Ini Dalilnya Mengeraskan Suara Saat Takbiran Malam Lebaran

Ini Dalilnya Mengeraskan Suara Saat Takbiran Malam Lebaran

Viaberita.com – Malam Lebaran.  Pada hakikatnya membaca takbir adalah sebagian dari bentuk dzikir. Karena dengan melafadzkan takbir itu seorang yang beragama Islam pasti akan ingat pada kebesaran Allah Subhanahu wa Ta’ala. Maka dari itu itu tidak ada larangan dalam bertakbir selama masih dalam batas kewajaran.

Diantara hal yang dilakukan oleh umat Islam untuk menghidupkan malam lebaran/hari raya adalah apa yang dikenal dengan istilah “takbiran”. Mengumandang takbir pada hari raya merupakan amaliyah yang disyariatkan, termasuk juga pada malam hari raya.

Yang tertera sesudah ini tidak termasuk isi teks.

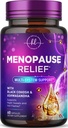 Menopause dopolnila za ženske s črno Cohosh - Naraven, blag vroč Flash, nočno potenje & Hormone Podpora, Menopause Relief z Dong Quai, Energy & Balance, Non-GMO & Gluten Free - 60 kapsul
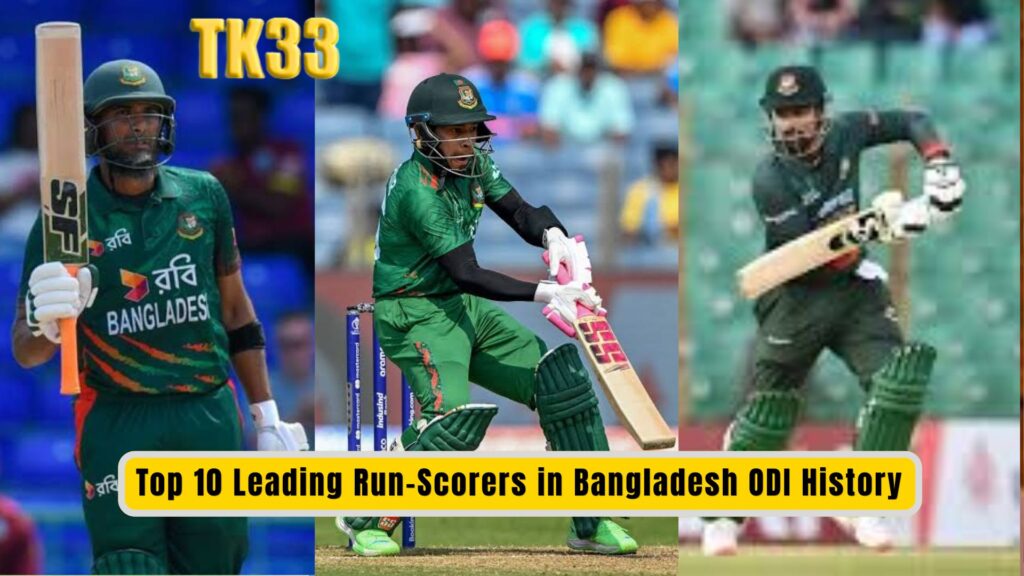 Top 10 Leading Run-Scorers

Adapun hukum takbir pada hari raya (‘Idul Fithri dan ‘Idul Adhaa) adalah sunnah. Menurut Imam Nawawi rahimahullah didalam Al-Majmu’, hal itu berdasarkan riwayat,

عن نافع عن عبد الله بن عمر ان رسول الله صلى الله عليه وسلم كان يخرج في العيدين مع الفضل بن عباس و عبد الله والعباس وعلي وجعفر والحسن والحسين واسامة بن زيد وزيد بن حارثة وايمن بن ام ايمن رضي الله عنهم رافعا صوته بالتهليل والتكبير فيأخذ طريق الحدادين حتى يأتي المصلى وإذا فرغ رجع على الحذائين حتى يأتي منزله

Dari Nafi’ dari Abdullah bin Umar, bahwa Rasulullah Shallallahu ‘alayhi wa Sallam berangkat pada hari raya beserta al-Fadll bin Abbas, Abdullah, Abbas, Ali, Ja’far, al-Hasan, Husain, Usamah bin Zaid, Zaid bin Haritsah, Ayman Ibn Ummu Aiman –Radliyallahu ‘Anhum-, mereka meninggikan suaranya (mengeraskan suara) dengan membaca tahlil dan takbir, mengambil rute satu jalan hingga tiba di mushalla (tempat shalat), dan ketika mereka selesai shalat, mereka kembali melewati rute yang lainnya hingga tiba di kediamannya”. (HR. Al-Baihaqi).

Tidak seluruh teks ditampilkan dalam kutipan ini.